Sight-fishing for female bass on the nest will produce big bass this month. But only take a picture, and then release the bass back into the water as quickly as possible. We don't want to kill any of these trophy females.

When I go to a lake to sight-fish for bass, I'll generally circle the lake and search for the white or the light-colored spots, usually on points and flats and in pockets, indicating a bass bed exists in that location.

Since the lake's only 240 acres, you can make the first pass around it fairly quickly. Then when you get ready to fish the places you've spotted, you usually can fish every bed you want to in one day.

Oftentimes as you move around the lake searching for bedding bass, you'll spook the bass in shallow water and see them swimming away. Identify the location of the bed, and mark its position. Return to that same spot 15 to 20 minutes later, and fish for bass. Keep your boat well away from the bass area, make extremely-long casts, and try to land your lure on the opposite side of the bed. I always wear polarized glasses to see the beds and the bass without having to deal with the glare from the water.

When I'm sight fishing, I'll be fishing a chartreuse or a green-pumpkin-colored Mann's HardNose Mosquito Hawk on 17-pound-test Berkley 100% Fluorocarbon Line. The chartreuse color enables me to see the bait as I move it along the bottom and to spot the bass's reaction to the bait. If the water's dingy, or I have to cast far into a spot where I can't watch the bait, I'll use green pumpkin.

When I make my cast, I want to land the lure well past the bed to keep from spooking the bass. Then I'll slowly hop, swim or reel the bait to the bass' bed and kill the bait, so it falls motionlessly into the bed. Generally you'll get a bite instantly, but the first bass you catch will be the male, which is smaller than the female bass. If I don't get a bite quickly, I'll dead-stick the bait by letting the Mosquito Hawk sit motionless for about 1 minute. I'll shake the line, causing the bait to quiver in the bed, and pull it all the way through the bed. Once the lure's out and away from the bed, I'll reel-in the Mosquito Hawk.

I'll make repeated casts to this same bed, until I get a bite or decide that the bass aren't biting that day. Next, I'll very quietly move closer to the bed to see if the bass are on the bed. If I see them, I'll change to a chartreuse-colored bait and watch the bait and the bass' reaction to it.

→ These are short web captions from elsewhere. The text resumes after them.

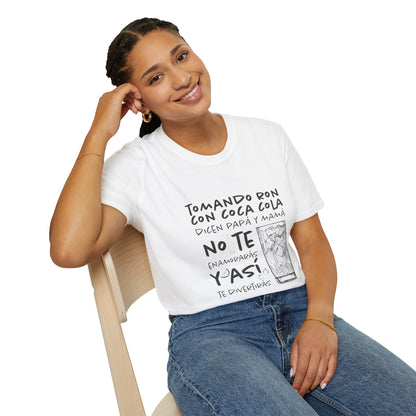TOMANDO RON CON COCA COLA -  Camiseta Unisex Softstyle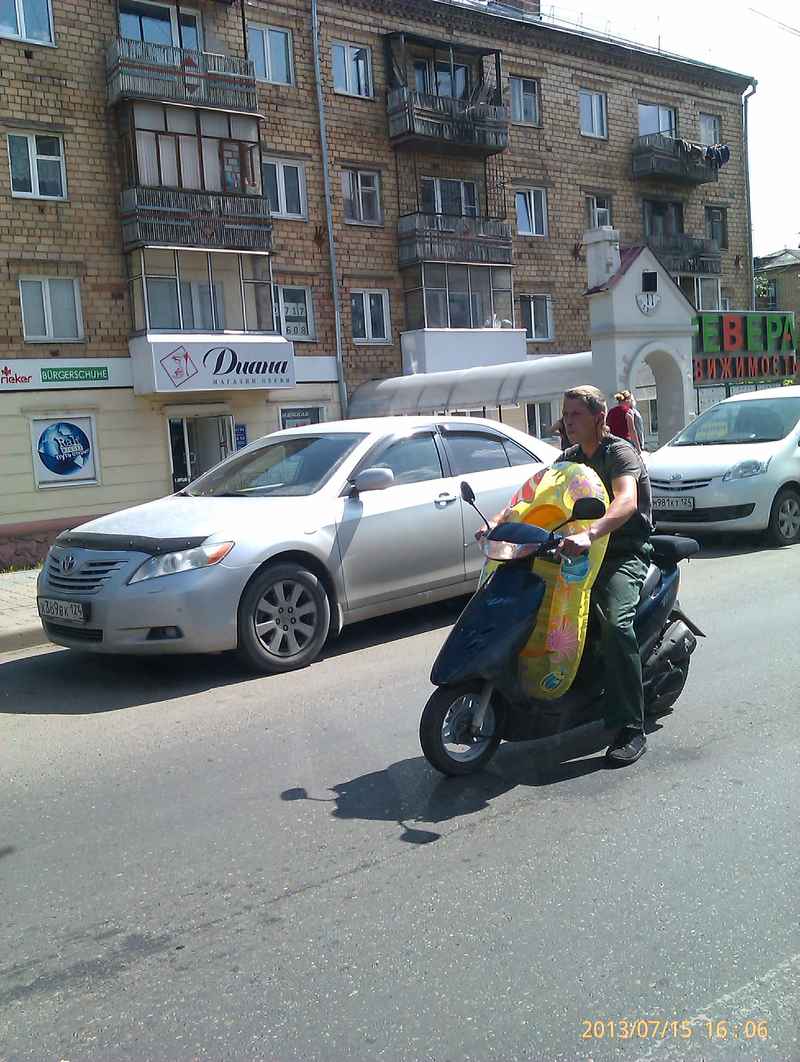 800x1062, 93 Kb / мопед, круг, надувной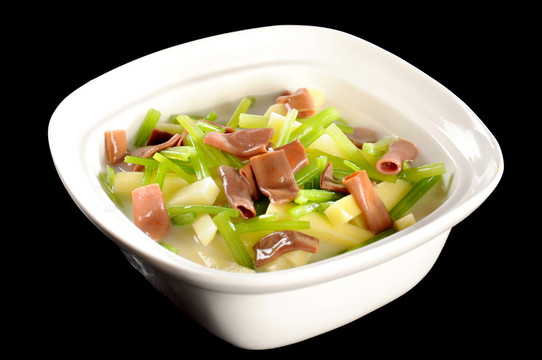 芹菜土豆条炖海肠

I'll have a really-good chance of catching that bass. Often the bass will pick-up the bait and blow it out of the bed, which means I need to quickly set the hook as soon as I see the bass take the bait into its mouth.

If I miss the bass and fail to set the hook, I'll cast back to the same bass. Many times the bass will pick-up the bait quicker the second time I cast to it than the first time. Each time a bass picks up the bait and doesn't get hooked, that bass will become more aggressive on the next cast.

With this type of fishing, you'll catch a number of small male bass weighing up to about 2-1/2-pounds, but you also may catch a big female trophy bass. Since this small lake homes number of big bass, if you choose the right day to fish, you should be able to catch several bass that weigh from 3- to 10-pounds each.

The Second Pattern

I'll also fish a large swim bait, like the 3:16 Lure Company Mission Fish swim bait. I prefer to fish the 7-inch bait in the bluegill color because it's Texas-rigged. I can fish it around grass, wood or any type of cover without getting hung-up.

I cast the Mission Fish swim bait past the bed, swim it up to the bed and then let it dive into the bed. This lure has a weight in the nose and dives nose-first toward the bottom when you kill it. The line goes through the nose of the fish. I use a No. 10 hook to tie on the line and Texas-rig the bait.

When the big swim bait gets into the bed, it stands-up nose-first like a bluegill trying to eat the bass's eggs. Those big female bass can't stand seeing that. So, most of the strikes will come as soon as you kill the swim bait, and it starts diving nose-first into the bed.

At Natchez State Park Lake, I'm primarily fishing for trophy bass that weigh 5 pounds or more. To catch trophy-sized bass in March, Natchez State Park Lake is the best place for you.